Indeed, these complex oscillations within each director’s view of England—Jennings’s optimism and unease; Jarman’s heritage and heresy—can be mapped onto a telling stylistic overlap between the two filmmakers. Both consistently returned to the relationship between sound and image throughout their careers as an ever-fruitful source of aesthetic challenge and inspiration. Explicit forays into sonic and visual juxtaposition constitute some of the most acclaimed work of their respective careers. The opening night double bill highlights this well, with Jennings’s Listen to Britain (1942), an aural-intense panorama of wartime life codirected with Stewart McAllister; and Blue (1993), where Jarman reduces the visual field to a single shade of the titular color and pairs it with an autobiographic array of voices, effects, and musical cues.

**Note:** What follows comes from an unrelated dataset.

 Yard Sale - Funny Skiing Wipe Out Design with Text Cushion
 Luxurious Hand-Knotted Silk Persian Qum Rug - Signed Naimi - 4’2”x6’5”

A coupling of lesser-known titles, however, offers a similarly rich mixture of sound and image that also grapples with notions of national legacy. Words for Battle (1941) constitutes yet another of Jennings’s meditation on the state of the war-buffeted British spirit, but it does so through the foregrounding of the nation’s literary tradition. Milton, Blake, Browning, Kipling—snatches from all of their work are alternately laid over moments of pastoral calm or post-bombing debris. Word and image frequently reinforce one another in hopeful fashion, even as the overlaying of Kipling’s “The Beginnings” (with its ominous records of “when the English began to hate”) onto bombed-out buildings eludes to the darker emotions underscoring the country’s wartime spirit. Beyond taking inspiration from these canonical texts, however, Jennings expands the canon of linguistic inspiration to include both Winston Churchill and Abraham Lincoln. Such a move suggests a simultaneous respect for and engagement with English cultural inheritance at a moment of profound strife. Jarman’s The Angelic Conversation (1985) similarly recontextualizes the literary heritage of England, albeit through the lens of erotic expression over patriotic ardor. Following a pair of men through a series of physical wanderings and inchoate desires, the film pairs these images with various Shakespearean sonnets. Jarman remains uninterested in easy uptake or feel-good identity politics. He distances the viewer as much as ever, filming his unnamed protagonists in stuttering super 8mm images and committing long stretches of the film to enigmatic imagery. Yet the need to link queer longing to these most iconic of English poems gives The Angelic Conversation an ideological force that is both emotionally and intellectually satisfying. And while Jarman may not have had a world war as backdrop, the ever-worsening plague of HIV/AIDS on (amongst others) the nation’s gay men gives this project a piquant political urgency.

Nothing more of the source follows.